Records excerpted from a collection
_ _ _ _ _ _ _
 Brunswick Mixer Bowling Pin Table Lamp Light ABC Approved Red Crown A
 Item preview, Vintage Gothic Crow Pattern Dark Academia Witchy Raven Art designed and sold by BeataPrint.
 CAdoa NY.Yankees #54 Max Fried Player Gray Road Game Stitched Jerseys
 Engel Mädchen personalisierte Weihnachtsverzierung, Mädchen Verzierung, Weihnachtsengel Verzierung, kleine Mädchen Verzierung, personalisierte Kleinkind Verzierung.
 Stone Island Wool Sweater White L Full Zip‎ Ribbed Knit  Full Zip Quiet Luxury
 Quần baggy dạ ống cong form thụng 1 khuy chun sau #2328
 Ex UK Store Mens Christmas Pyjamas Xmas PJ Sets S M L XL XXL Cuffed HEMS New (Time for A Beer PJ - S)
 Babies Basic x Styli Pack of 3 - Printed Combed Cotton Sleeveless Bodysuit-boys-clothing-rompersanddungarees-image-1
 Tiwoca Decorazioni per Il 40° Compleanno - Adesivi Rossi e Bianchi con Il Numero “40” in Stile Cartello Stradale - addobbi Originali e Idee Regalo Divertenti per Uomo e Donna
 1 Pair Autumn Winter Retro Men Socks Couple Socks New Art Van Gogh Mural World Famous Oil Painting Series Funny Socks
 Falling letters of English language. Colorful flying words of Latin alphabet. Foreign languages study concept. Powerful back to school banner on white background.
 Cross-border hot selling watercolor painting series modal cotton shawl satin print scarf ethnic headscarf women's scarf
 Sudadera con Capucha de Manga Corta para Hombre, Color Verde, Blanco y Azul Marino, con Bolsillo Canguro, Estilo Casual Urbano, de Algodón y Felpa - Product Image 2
_ _ _ _ _ _ _
* _Aim of the task_
Would you restate word for word every line from the one holding "Babies Basic x" to the end of the entries, both ends included?

* _Result of the task_
 Babies Basic x Styli Pack of 3 - Printed Combed Cotton Sleeveless Bodysuit-boys-clothing-rompersanddungarees-image-1
 Tiwoca Decorazioni per Il 40° Compleanno - Adesivi Rossi e Bianchi con Il Numero “40” in Stile Cartello Stradale - addobbi Originali e Idee Regalo Divertenti per Uomo e Donna
 1 Pair Autumn Winter Retro Men Socks Couple Socks New Art Van Gogh Mural World Famous Oil Painting Series Funny Socks
 Falling letters of English language. Colorful flying words of Latin alphabet. Foreign languages study concept. Powerful back to school banner on white background.
 Cross-border hot selling watercolor painting series modal cotton shawl satin print scarf ethnic headscarf women's scarf
 Sudadera con Capucha de Manga Corta para Hombre, Color Verde, Blanco y Azul Marino, con Bolsillo Canguro, Estilo Casual Urbano, de Algodón y Felpa - Product Image 2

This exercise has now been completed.